A bassline begins and Glen Campbell sings, “I am a lineman for the county ...”
“Bill was a telephone man in Louisville and he took me along on jobs. We’d roll along the country roads in his Chevy pick-up truck and he’d strap me along his leg while he straddled up the utility poles. We climbed as high as the birds, Betty [the name of Hannah's persona at this point] , we could see for miles - it was the most beautiful countryside you ever saw Betty! It was a hard living but man I woulda paid for that view - I’d pay to see that again and I’d take you and we’d count the pigeons - we’d count the pigeons Betty!”

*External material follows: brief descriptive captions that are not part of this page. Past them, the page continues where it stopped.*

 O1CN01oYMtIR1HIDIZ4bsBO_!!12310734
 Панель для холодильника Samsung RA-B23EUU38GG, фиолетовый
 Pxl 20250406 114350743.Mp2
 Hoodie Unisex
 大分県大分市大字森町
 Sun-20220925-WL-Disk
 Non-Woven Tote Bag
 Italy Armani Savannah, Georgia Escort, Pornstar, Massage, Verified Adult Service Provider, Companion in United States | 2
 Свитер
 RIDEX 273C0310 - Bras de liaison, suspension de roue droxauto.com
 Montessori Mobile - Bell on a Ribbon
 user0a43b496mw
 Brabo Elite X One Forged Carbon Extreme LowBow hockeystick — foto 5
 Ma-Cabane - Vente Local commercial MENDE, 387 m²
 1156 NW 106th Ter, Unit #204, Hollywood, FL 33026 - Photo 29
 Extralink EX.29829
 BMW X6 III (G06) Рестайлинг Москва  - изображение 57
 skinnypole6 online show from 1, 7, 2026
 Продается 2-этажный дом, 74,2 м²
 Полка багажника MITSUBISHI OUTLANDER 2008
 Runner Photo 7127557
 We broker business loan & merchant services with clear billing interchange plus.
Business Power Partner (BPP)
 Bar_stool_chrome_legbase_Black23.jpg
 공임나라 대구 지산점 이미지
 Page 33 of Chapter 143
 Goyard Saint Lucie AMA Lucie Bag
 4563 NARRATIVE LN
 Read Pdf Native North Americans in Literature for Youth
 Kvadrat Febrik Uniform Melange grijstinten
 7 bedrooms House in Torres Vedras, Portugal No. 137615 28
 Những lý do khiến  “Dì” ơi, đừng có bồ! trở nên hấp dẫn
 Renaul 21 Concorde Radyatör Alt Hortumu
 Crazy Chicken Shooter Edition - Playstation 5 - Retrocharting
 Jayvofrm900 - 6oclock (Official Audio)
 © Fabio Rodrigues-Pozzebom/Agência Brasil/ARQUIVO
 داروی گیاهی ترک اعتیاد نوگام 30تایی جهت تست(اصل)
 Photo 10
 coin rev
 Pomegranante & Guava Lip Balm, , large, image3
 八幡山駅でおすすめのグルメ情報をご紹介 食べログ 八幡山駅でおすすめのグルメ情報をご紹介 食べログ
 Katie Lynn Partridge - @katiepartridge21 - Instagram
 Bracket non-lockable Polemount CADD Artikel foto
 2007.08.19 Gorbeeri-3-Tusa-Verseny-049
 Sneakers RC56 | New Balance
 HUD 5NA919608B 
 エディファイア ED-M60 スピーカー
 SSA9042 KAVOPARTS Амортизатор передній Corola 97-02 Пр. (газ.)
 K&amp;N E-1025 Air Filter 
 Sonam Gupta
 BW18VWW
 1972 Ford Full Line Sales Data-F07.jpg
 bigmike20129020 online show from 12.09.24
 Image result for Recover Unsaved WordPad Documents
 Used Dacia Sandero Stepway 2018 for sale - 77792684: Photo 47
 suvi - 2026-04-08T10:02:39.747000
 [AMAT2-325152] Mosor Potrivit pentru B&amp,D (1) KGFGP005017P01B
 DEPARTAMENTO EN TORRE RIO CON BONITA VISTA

And I want you for all ti -i -ime
“Then one time a storm was coming, but we were young and cocky and we thought we were invincible.
‘Are ya sure you should go up so high there, Bill, I mean, doncha see the storm clouds comin’ - can’t ya see them Bill? Bill!’
‘Aw c’mon Mortimer, we’re almost up to the top and after I check out the cables we’ll head right back down.’
‘I got a baaad feelin’ about this Bill. A baaaaad feelin’.’
And wouldn’t ya know I was right! The storm moved in quicker than he thought and a cloud pased on right over us and it got almost pitch black. ‘Ah, let’s get back down Bill, this makes me noivous!’
‘Oh alright, if you say so Mort--’
And then - I didn’t know what hit me Betty. It was like the sky opened up and went right through this bag o’ bones!” Mmrma knocked his head, whole now. “The bolt struck the pole and Bill came tumbling down twenty feet and as he slipped off my face caught one of the climbing pegs on the utility pole - BOOP right through the peeper! Tore my eye out and ripped my jaw clean off! I still get nightmare about it Betty! I wake up screaming, except I can’t scream. Get it, Bett? I CAN’T EVEN SCREAM! All I wanna do is let out a big holler, let out the pain, but I can’t Bett, I can’t! I CAN’T SCREAM!”
It was November 12. I was in New York, and I wrote 3064 words that day, and also found time to eat at my favorite ramen joint, do a gallery crawl in Chelsea (I quite liked the paintings of Tony Scherman at Winston Wachter and Paulina Olowska at Metro Pictures, and the sculpture of Kristen Morgin at Zach Feuer), and see a documentary on the influence of Finnish television broadcasts in Soviet Estonia.